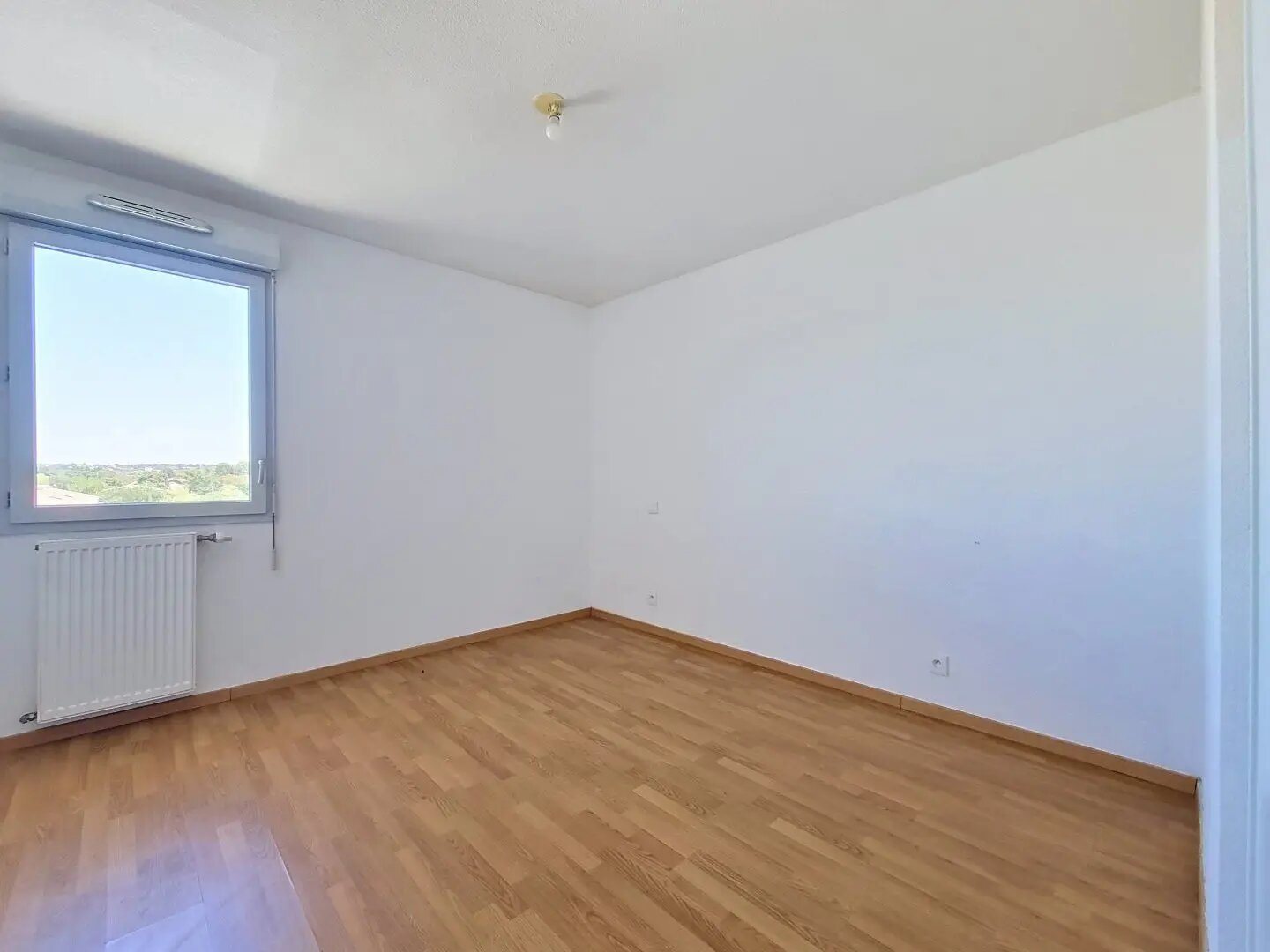 Appartement à vendre, 55m², Launaguet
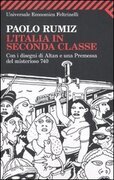 L'Italia in seconda classe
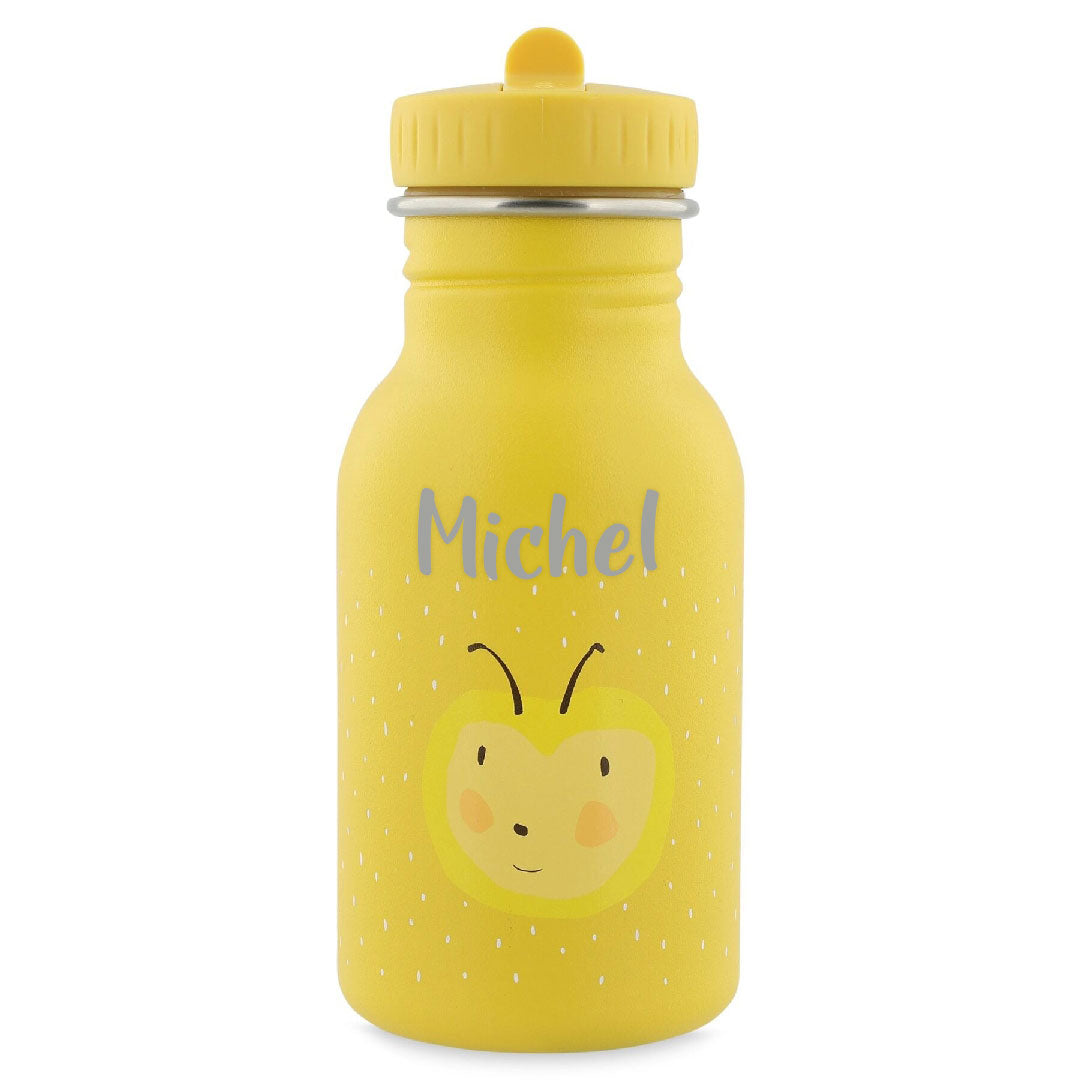 Trinkflasche 350ml - Frau Hummel | Trixie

= = = = =

Reproduce the data above exactly, leaving out any picture in it.

 Appartement à vendre, 55m², Launaguet
 L'Italia in seconda classe
 Trinkflasche 350ml - Frau Hummel | Trixie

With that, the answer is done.